The former rebels have also prevented the house from sitting.
The onus to appease the former guerrillas is now on their former allies, the communists, who said they would lead the new government.
The Communist Party of Nepal-Unified Marxist Leninist (UML) has formed a nine-member committee to woo the other major parties and informal negotiations are likely to start Sunday.
But the Maoists, who say the president undermined civilian supremacy by bringing back the army chief who had defied the government, are demanding that the general be dismissed first and the president tender an apology before they consent to join or support a new ruling alliance.
Even if the former guerrillas allow the election, it remains uncertain if the UML would win the race.
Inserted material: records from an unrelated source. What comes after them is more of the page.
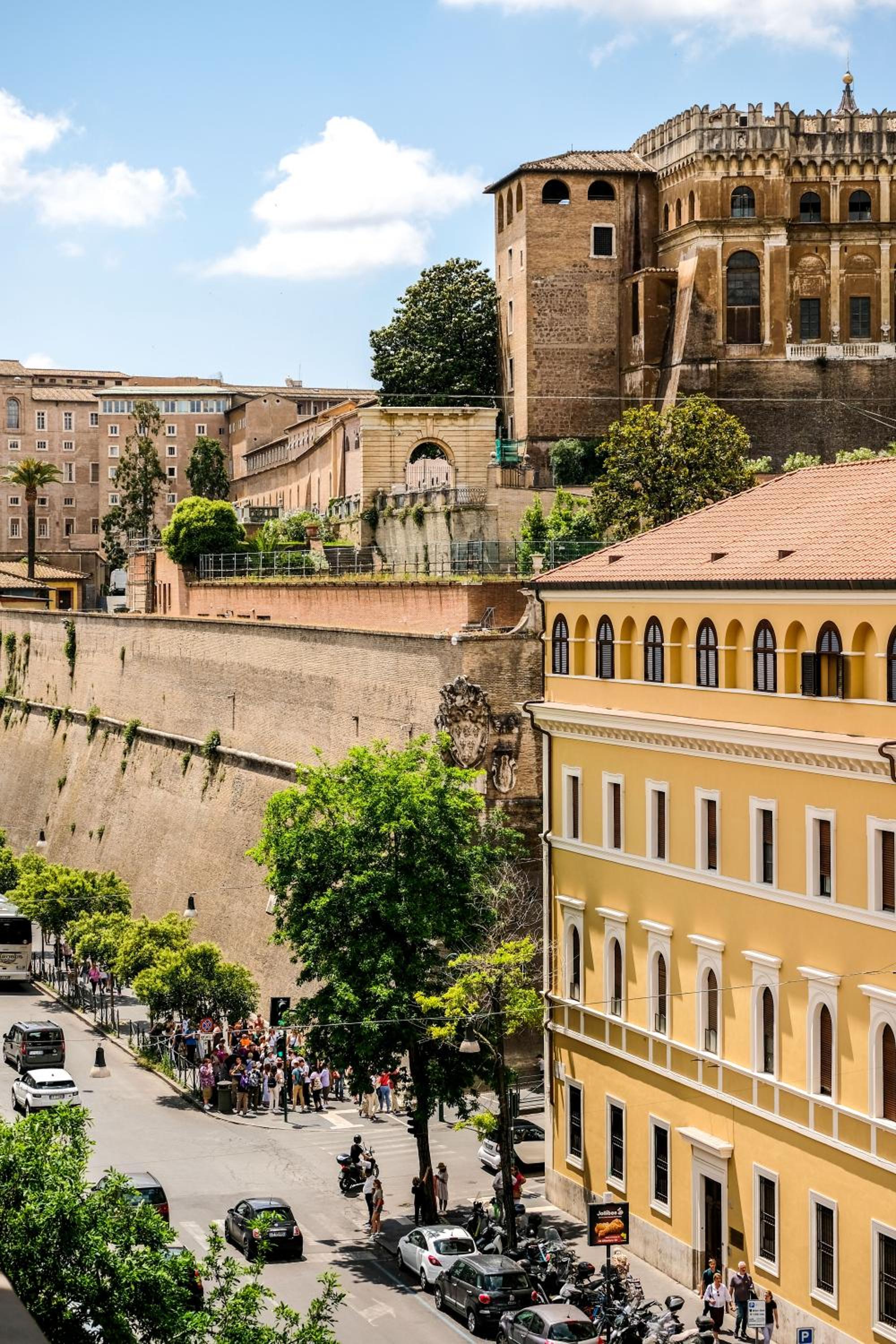 Family apartment near Vatican Museum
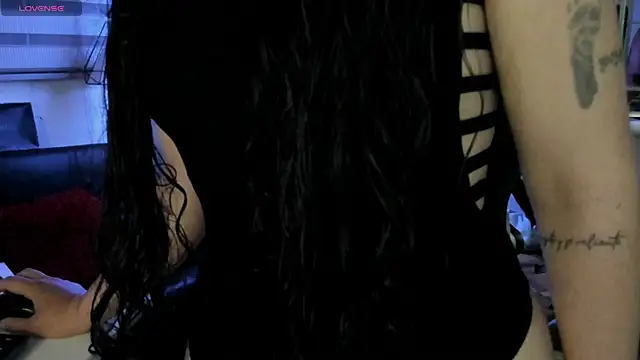 natasha logan  online show from 09-22-25, 04:03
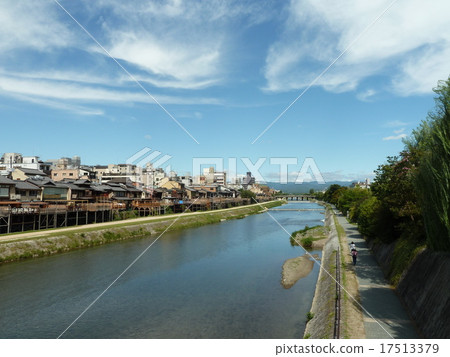 京都市的天際線鴨川 17513379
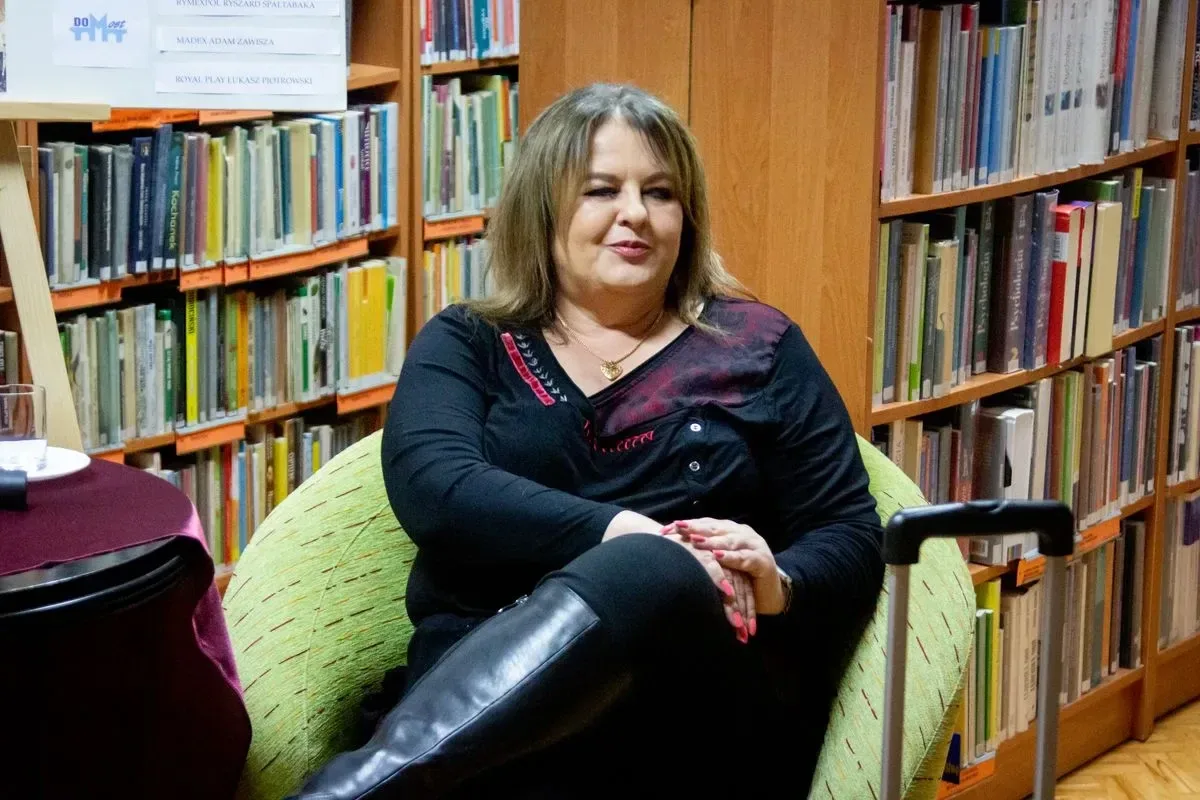 Joanna Jax w Małkini Górnej - spotkanie z popularną autorką powieści obyczajowo-historycznych (zdjęcia)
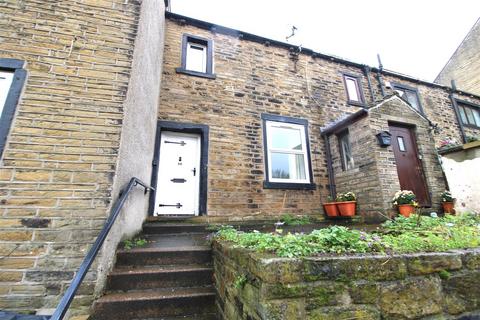 2 bedroom terraced house to rent, Yates Lane, Huddersfield HD3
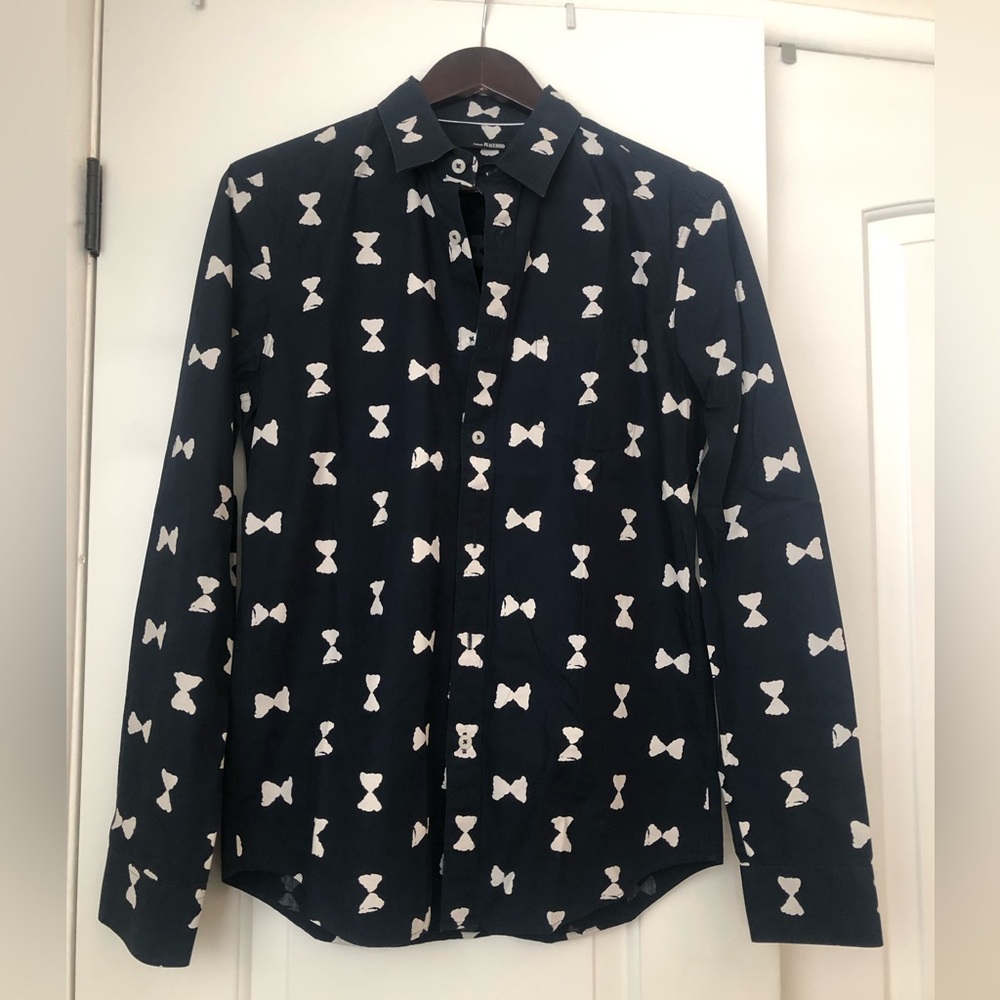 Bow-tie printed button down shirt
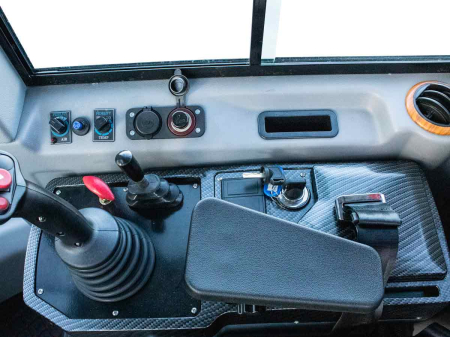 LD23 Cab – Încărcător frontal articulat 4×4, motor 75 CP, cabină climatizată, 2300 kg sarcină, cupă 2050 mm [23]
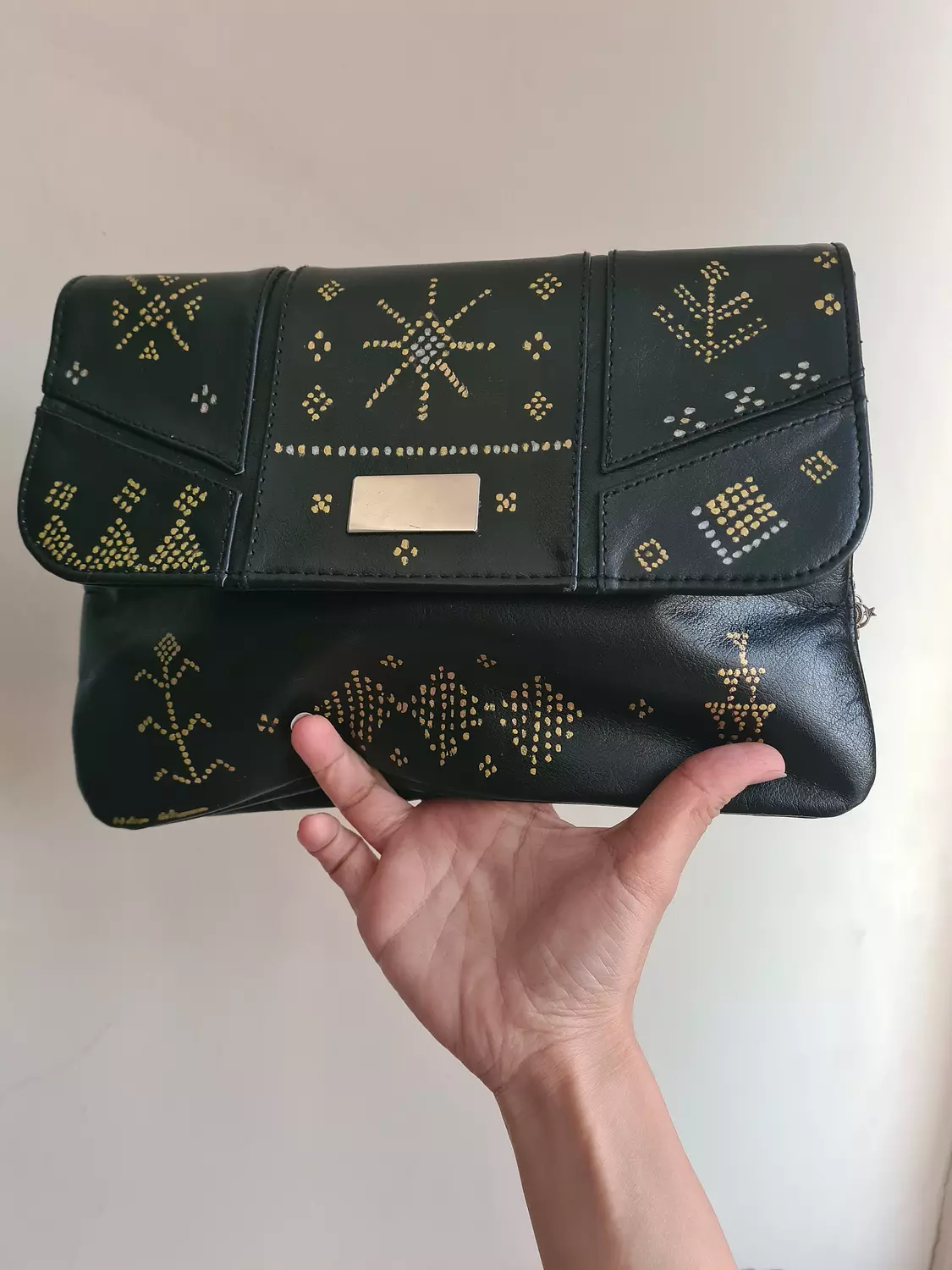 The tally clutch  image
With only 109 MPs in the 601-member house, it will need the support of more parties even though the main opposition Nepali Congress (NC) has agreed to stand behind it.
The NC has 114 members and even together, the two parties still fall short of the 302-vote mark.
Three Terai parties together can help the UML come to power since they have over 80 lawmakers between them.
However, with the regional bloc yet to spell out who it will support, there is also a possibility of the Maoists, who are the largest party with 238 MPs, returning to power if they can woo the Terai parties.